I'm trying to calculate the following:
auc = roc_auc_score(gt, pr, multi_class="ovr")
where gt
is a list sized 3470208 containing values between 0 and 41 (all int) and pr
is a list sized 3470208 (same size) of lists that each is sized 42 with probabilities in each location that sum up to 1.
However, I'm getting the following error:
ValueError: Number of classes in y_true not equal to the number of columns in 'y_score'
So I am kind of lost as the number of classes in y_true (gt)
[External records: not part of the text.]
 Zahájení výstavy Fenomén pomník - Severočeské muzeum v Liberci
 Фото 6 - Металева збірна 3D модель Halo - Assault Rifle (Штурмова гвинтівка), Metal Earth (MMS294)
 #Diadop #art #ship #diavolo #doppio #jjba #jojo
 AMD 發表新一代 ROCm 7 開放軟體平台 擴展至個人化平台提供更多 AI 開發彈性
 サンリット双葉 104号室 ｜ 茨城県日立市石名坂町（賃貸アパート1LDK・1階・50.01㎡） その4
is 42 because I have a list of integers from 0 to 41.
and since pr
is a list of lists of size 42 then I think it should work.
Help will be appreciated!
Make sure that all integers between 0 and 41 (inclusive) exist in gt.
A simple example:
import numpy as np
from sklearn.metrics import roc_auc_score
# results in error:
gt1 = np.array([0,1,3])
pr1 = np.array(
[[0.1, 0.7, 0.1, 0.1],
[0.3, 0.3, 0.2, 0.2],
[0.5, 0.1, 0.1, 0.3]]
)
#roc_auc_score(gt1, pr1, multi_class='ovr')
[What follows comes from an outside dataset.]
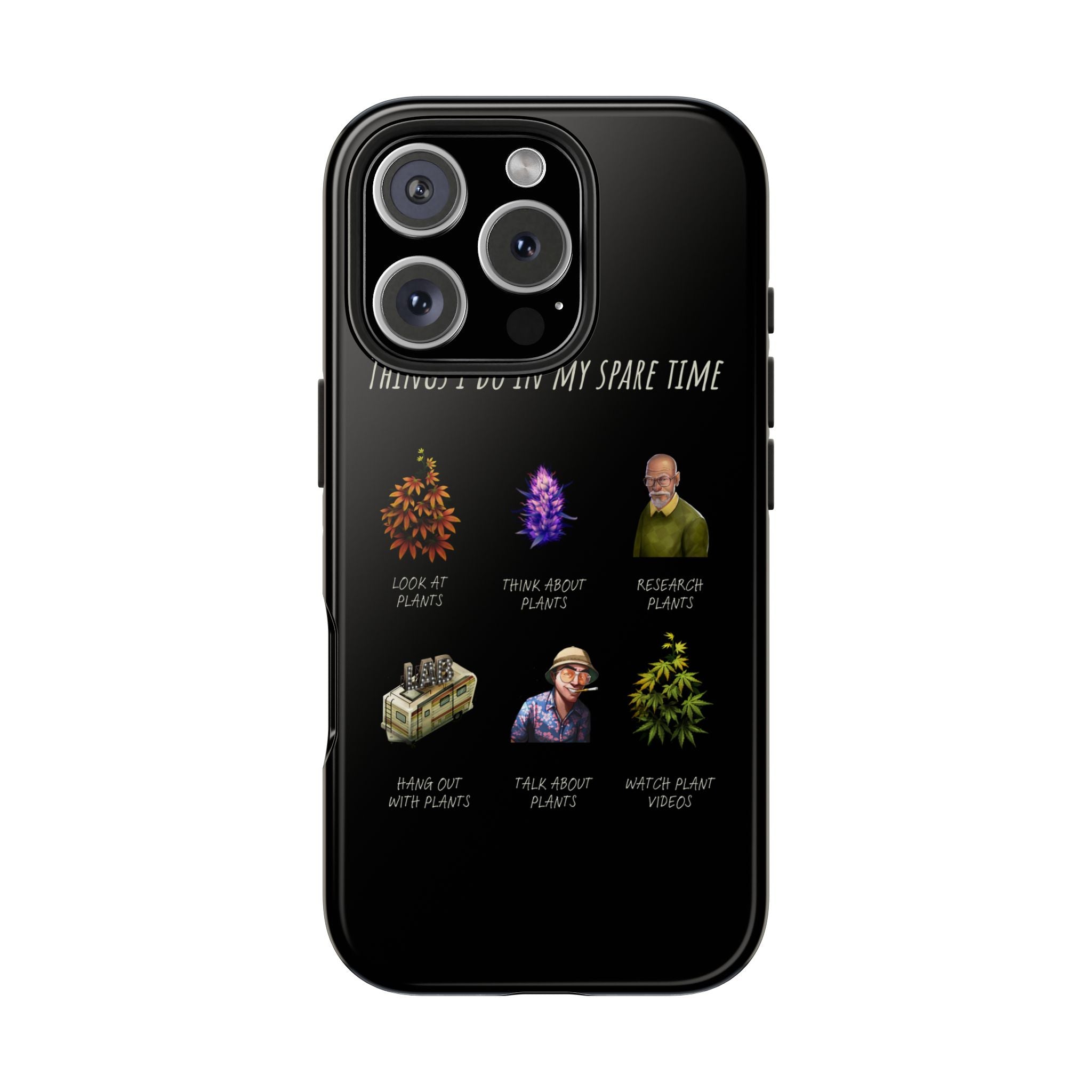 "Spare Time" Phone Case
# does not result in error:
gt2 = np.array([0,2,1,3])
pr2 = np.array(
[[0.1, 0.7, 0.1, 0.1],
[0.3, 0.3, 0.2, 0.2],
[0.5, 0.1, 0.1, 0.3],
[0.3, 0.3, 0.2, 0.2]]
)
#roc_auc_score(gt2, pr2, multi_class='ovr')
Because integer/label 2 is non-existent in gt1 it throws an error. In other words, the number of classes in gt1 (3) is not equal to the number of columns in pr1 (4).